🤖 AI Summary
This work addresses the challenge of multi-objective evaluation in the CTF4Science Lorenz challenge—encompassing short-term prediction, long-term distribution matching, and full-trajectory reconstruction—by proposing a metric-aware hybrid forecasting architecture. The approach employs task-specific models tailored to each objective, revealing that a single unified model struggles to simultaneously satisfy all criteria. The methodology integrates synthetic data pretraining for denoising, fitting of the Lorenz ordinary differential equations, and trajectory shooting, augmented by a novel histogram tail replacement technique based on a synthetic Lorenz ensemble.

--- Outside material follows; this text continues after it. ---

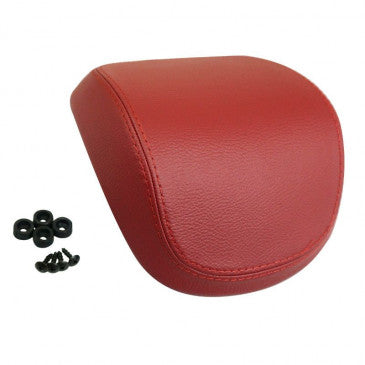 DOSSERET DE TOP CASE ROUGE ORIGINE PIAGGIO 50-125 VESPA PRIMAVERA 2012>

The resulting system achieves a score of 83.83551 on the public leaderboard, which further improves to 83.85529 with minor refinements, demonstrating that precise alignment between tasks and dedicated models is crucial for maximizing overall performance.
📝 Abstract
We describe our approach to the CTF4Science Lorenz challenge, a benchmark that mixes short-horizon forecasting, long-time distribution matching, and trajectory reconstruction across nine task pairs. The key discovery is that no single model family dominated all metrics. Instead, we built a metric-aware hybrid system that assigned a different predictor to each metric family: (1) synthetic-pretrained denoisers for full-trajectory reconstruction, (2) Lorenz ODE fitting and trajectory shooting for the first 20 forecast steps, and (3) histogram-tail substitution using synthetic Lorenz libraries for long-time evaluation. A representative mature submission from this system family scored 83.83551 on the public leaderboard, and a small follow-up stack of the same ideas reached 83.85529. We focus on the cleaner intermediate system because it captures the full method while remaining simple enough to reproduce and analyze, while the final submission can be understood as a conservative extension of the same backbone.